I'm studying the trace space on a smooth boundary $\Gamma$, namely $H^{\frac{1}{2}}(\Gamma)$. Let $\gamma$ be the classical trace operator $\gamma: H^1(\Omega) \rightarrow H^{\frac{1}{2}}(\Gamma)$. It is linear, surjective, and bounded.
Then, my professor said that its restriction to the orthogonal complement $\tilde{\gamma}:H_0^1(\Omega)^{\perp} \rightarrow H^{\frac{1}{2}}(\Gamma)$ is a linear and bounded bijection. This is still clear to me. Then, he wrote:
It follows that $\tilde{\gamma}^{-1}: H^{\frac{1}{2}}(\Gamma) \rightarrow H_0^1(\Omega)^{\perp}$ is a linear bijection as well and $\tilde{\gamma}^{-1}$ is a right inverse of $\gamma$.
I have two questions about the above quote.
Of course, the inverse of a bijective linear map is linear and by definition that map is injective, but why is $\tilde{\gamma}$ surjective? I should show that if I take an element $w \in H_0^1(\Omega)^{\perp}$, there exists a $v$ s.t. $$\tilde{\gamma}^{-1}(v) = w$$ I would say that it suffices to choose $v := \tilde{\gamma}(w)$. Is that correct?

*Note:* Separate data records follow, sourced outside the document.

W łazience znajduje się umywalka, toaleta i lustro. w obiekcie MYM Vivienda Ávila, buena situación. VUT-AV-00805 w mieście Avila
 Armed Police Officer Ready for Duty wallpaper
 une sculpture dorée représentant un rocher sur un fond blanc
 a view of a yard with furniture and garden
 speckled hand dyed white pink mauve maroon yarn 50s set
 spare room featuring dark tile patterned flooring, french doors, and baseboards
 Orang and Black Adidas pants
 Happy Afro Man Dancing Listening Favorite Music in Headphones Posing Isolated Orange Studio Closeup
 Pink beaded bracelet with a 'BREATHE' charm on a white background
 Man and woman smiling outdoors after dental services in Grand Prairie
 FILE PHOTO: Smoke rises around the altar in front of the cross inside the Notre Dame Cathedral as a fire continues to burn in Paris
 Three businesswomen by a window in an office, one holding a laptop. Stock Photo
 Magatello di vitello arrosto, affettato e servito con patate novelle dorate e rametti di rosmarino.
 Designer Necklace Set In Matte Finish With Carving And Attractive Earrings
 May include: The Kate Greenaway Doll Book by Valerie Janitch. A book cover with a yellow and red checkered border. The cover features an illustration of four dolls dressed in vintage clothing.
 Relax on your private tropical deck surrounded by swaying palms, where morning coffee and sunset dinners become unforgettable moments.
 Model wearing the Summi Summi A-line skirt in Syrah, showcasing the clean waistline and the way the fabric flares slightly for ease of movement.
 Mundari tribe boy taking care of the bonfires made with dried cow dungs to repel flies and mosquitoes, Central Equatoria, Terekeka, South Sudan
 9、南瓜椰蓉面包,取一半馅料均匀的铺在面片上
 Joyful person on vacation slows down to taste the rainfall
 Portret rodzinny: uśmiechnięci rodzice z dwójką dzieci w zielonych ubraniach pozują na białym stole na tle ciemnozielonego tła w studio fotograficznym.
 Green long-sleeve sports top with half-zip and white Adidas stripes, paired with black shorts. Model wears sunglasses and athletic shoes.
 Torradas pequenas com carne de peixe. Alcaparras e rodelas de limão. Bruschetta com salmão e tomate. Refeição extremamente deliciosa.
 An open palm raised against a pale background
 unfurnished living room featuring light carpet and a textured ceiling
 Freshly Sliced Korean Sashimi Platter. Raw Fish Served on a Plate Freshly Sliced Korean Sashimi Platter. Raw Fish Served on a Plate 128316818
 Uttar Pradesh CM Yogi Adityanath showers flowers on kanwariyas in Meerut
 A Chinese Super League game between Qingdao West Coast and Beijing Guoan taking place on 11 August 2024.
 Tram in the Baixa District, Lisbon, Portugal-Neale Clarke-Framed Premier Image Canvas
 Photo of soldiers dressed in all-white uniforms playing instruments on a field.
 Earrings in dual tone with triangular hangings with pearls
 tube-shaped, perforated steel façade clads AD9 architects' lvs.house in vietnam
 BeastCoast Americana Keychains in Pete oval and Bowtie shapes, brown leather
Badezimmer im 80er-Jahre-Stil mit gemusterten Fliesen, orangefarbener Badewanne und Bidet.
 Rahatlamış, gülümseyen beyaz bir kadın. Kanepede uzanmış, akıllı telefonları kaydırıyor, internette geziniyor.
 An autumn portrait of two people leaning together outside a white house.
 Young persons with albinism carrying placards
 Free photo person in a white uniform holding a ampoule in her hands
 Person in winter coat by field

Also, I don't see why $\tilde{\gamma}^{-1}$ is a right inverse of $\gamma$.
The inverse of a bijection is always a bijection ... yes the proof can be done as your first point.
First, $\tilde \gamma^{-1}$ is not a left inverse of $\gamma$ because $\tilde \gamma^{-1}\gamma : H^1(\Omega) \to H^1_0(\Omega)^\perp$.
Contrarily, Since $\tilde \gamma^{-1} : H^{1/2}(\Gamma) \to H^1_0(\Omega)^\perp$ and $\gamma = \tilde\gamma$ on $H^1_0(\Omega)^\perp$, you deduce that $\gamma\tilde \gamma^{-1} : H^{1/2}(\Gamma) \to H^{1/2}(\Gamma)$ is well defined and $\gamma\tilde \gamma^{-1} = \tilde\gamma\tilde \gamma^{-1} = \mathrm{Id}_{H^{1/2}(\Gamma)}$. So $\tilde \gamma^{-1}$ is a right inverse of $\gamma$.